DATA SUPPLIED:
•••••
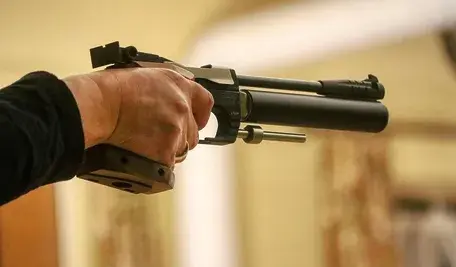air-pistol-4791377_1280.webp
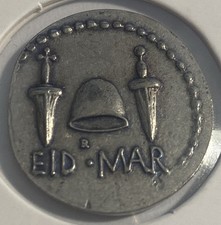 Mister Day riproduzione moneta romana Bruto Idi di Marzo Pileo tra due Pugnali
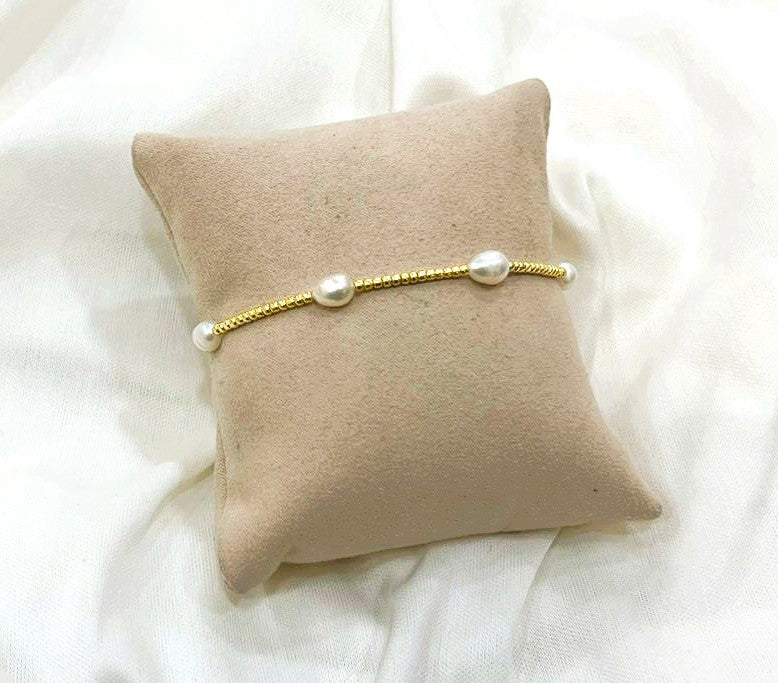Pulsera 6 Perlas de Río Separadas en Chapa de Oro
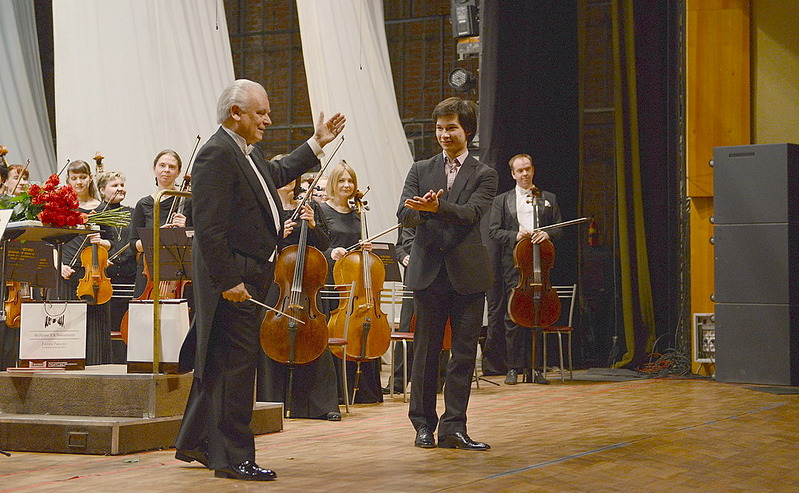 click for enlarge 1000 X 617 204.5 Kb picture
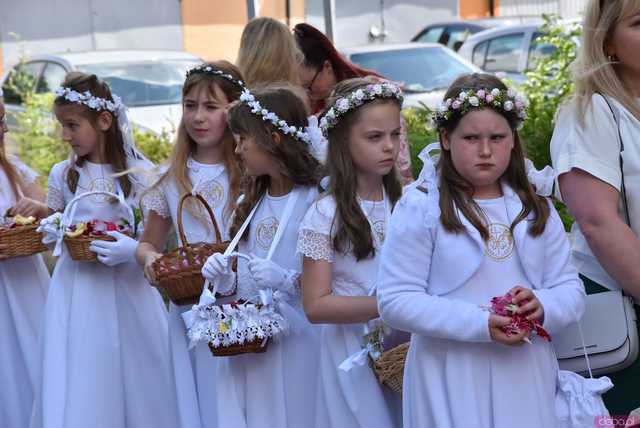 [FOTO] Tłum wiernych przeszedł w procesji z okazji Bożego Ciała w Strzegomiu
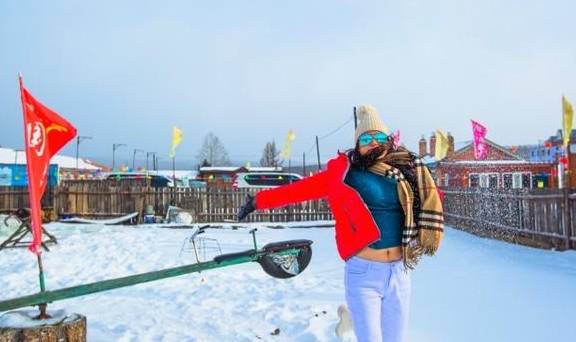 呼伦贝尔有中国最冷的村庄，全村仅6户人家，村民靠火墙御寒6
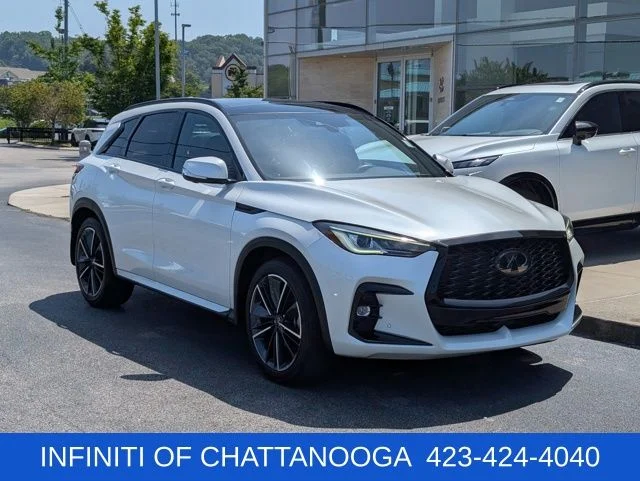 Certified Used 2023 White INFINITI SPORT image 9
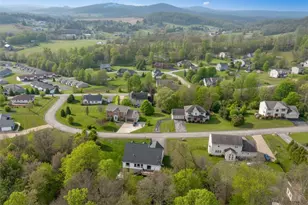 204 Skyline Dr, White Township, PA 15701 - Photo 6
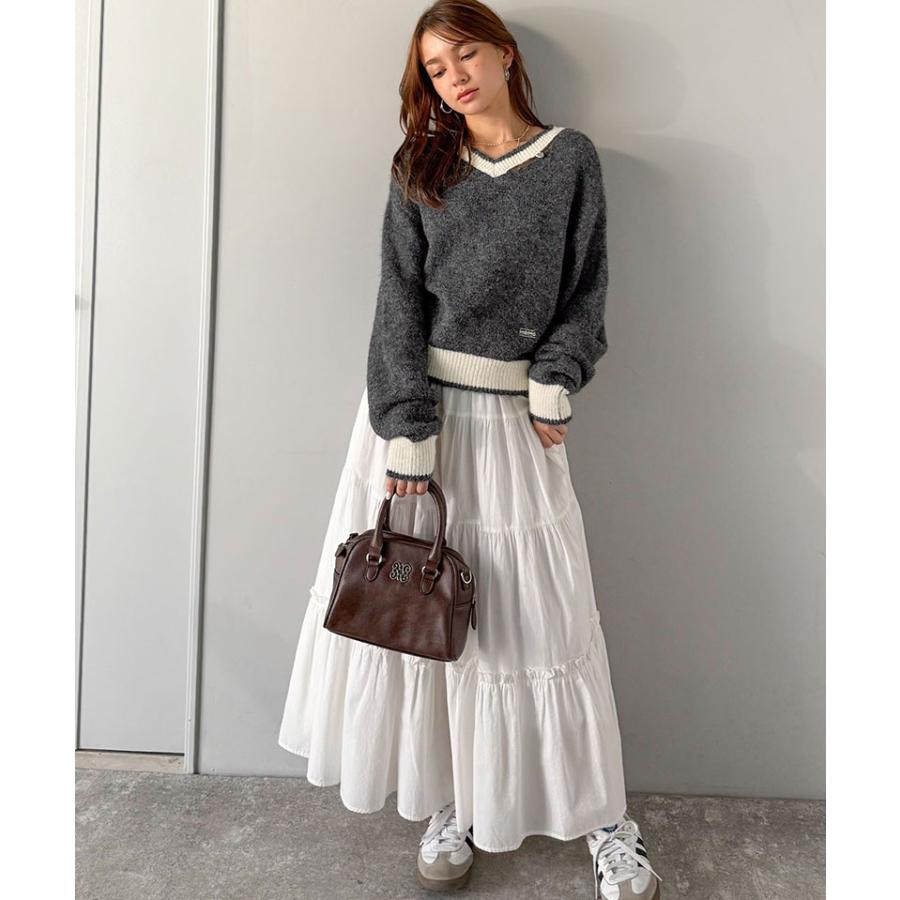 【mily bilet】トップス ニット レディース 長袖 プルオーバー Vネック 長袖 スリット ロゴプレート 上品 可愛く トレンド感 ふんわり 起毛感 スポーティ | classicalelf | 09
•••••
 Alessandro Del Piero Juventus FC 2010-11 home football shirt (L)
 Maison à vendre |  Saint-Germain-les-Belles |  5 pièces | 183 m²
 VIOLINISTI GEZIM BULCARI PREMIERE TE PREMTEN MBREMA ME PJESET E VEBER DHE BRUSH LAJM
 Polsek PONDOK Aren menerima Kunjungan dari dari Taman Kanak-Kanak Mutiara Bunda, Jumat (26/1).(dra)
•••••
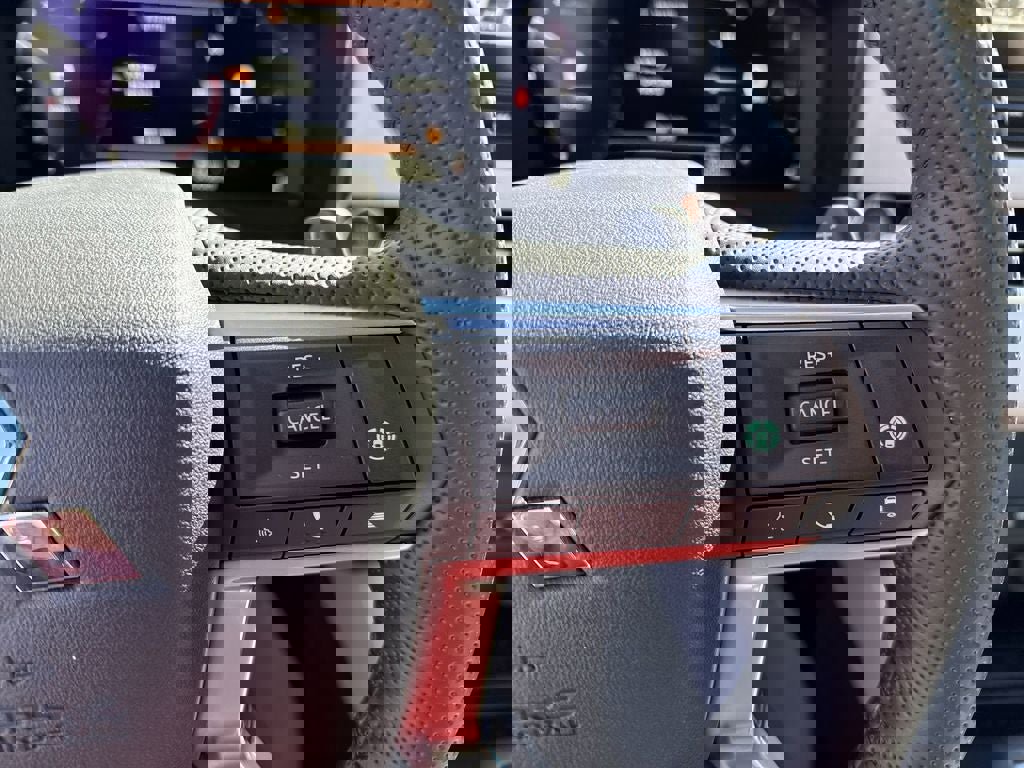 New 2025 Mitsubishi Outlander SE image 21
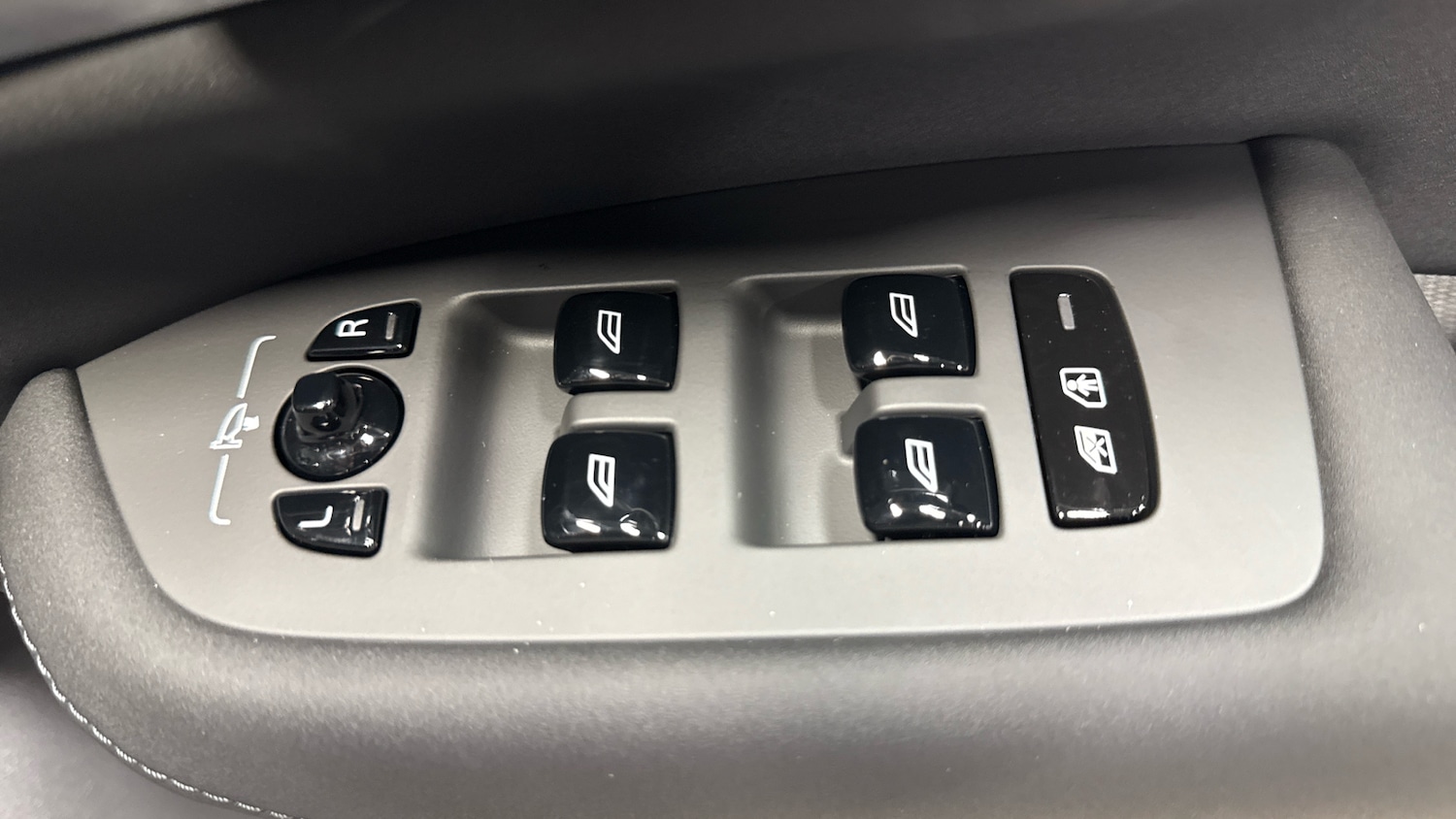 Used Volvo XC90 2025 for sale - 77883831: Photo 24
•••••
TASK PROMPT: Reproduce exactly, and only, the part of the listing above that begins at the line with "Maison à vendre" and goes on through the line with "Polsek PONDOK Aren".

RESPONSE:
 Maison à vendre |  Saint-Germain-les-Belles |  5 pièces | 183 m²
 VIOLINISTI GEZIM BULCARI PREMIERE TE PREMTEN MBREMA ME PJESET E VEBER DHE BRUSH LAJM
 Polsek PONDOK Aren menerima Kunjungan dari dari Taman Kanak-Kanak Mutiara Bunda, Jumat (26/1).(dra)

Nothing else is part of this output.